August 22, 2019

CREDIBLE FEAR:

The Case That Made an Ex-ICE Attorney Realize the Government Was Relying on False "Evidence" Against Migrants: Years after quitting her job as an attorney for Immigration and Customs Enforcement, Laura Peña returned to the fight -- defending migrants she'd once prosecuted. Then, a perplexing family separation case forced her to call upon everything she'd learned. (Melissa del Bosque Aug. 13, 2019, ProPublica)

Laura Peña could see that her 36-year-old client was wasting away. Gaunt and haggard after nearly two months in jail, he ran his fingers through his hair and opened his hands to show her the clumps that were falling out. He was so distraught that his two young children had been taken from him at the border, he could barely speak without weeping.

After Carlos requested political asylum, border and immigration agents had accused him of being a member of the notorious MS-13 gang in El Salvador -- a criminal not fit to enter the United States.

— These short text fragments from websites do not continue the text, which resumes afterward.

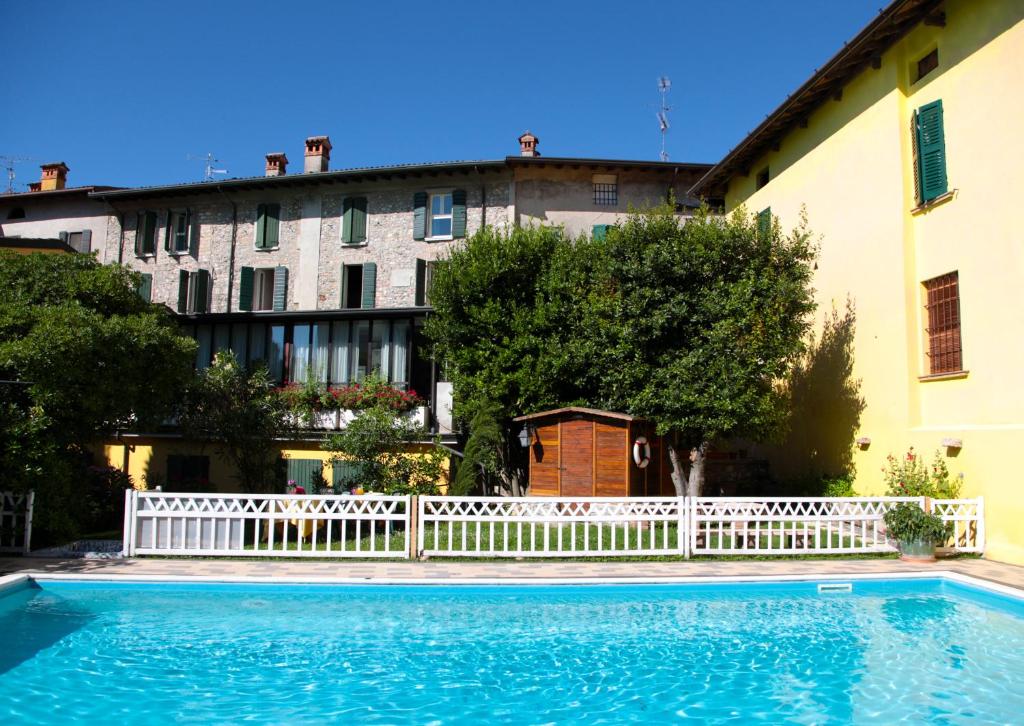 Piscina di Hotel San Filis o nelle vicinanze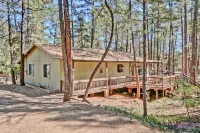 Simply Amazing....Remodeled Cabin with Strawberry's Largest Deck, Dog Friendly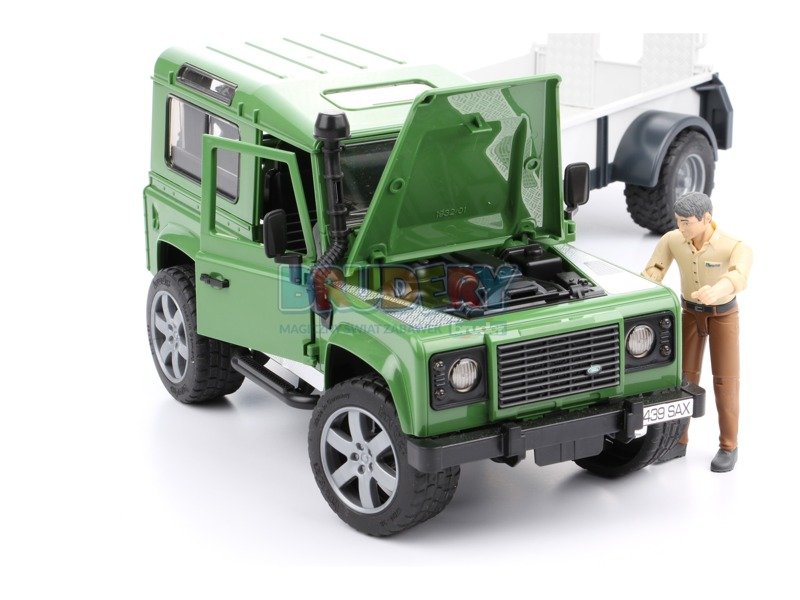 Bruder 02593 Land Rover z przyczepą, minikoparką i figurką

But as Peña looked at him, she saw none of the typical hallmarks of gang membership: the garish MS-13 tattoos or a criminal record back home. He was the sole caregiver for his 7-year-old son and 11-year-old daughter. He'd even brought an official letter from El Salvador's Justice Ministry certifying that he'd never been in jail. Something else about his case bothered her, too: She'd been peppering the government's lawyers with phone calls and emails for weeks and they'd yet to reveal any evidence to back up their accusation.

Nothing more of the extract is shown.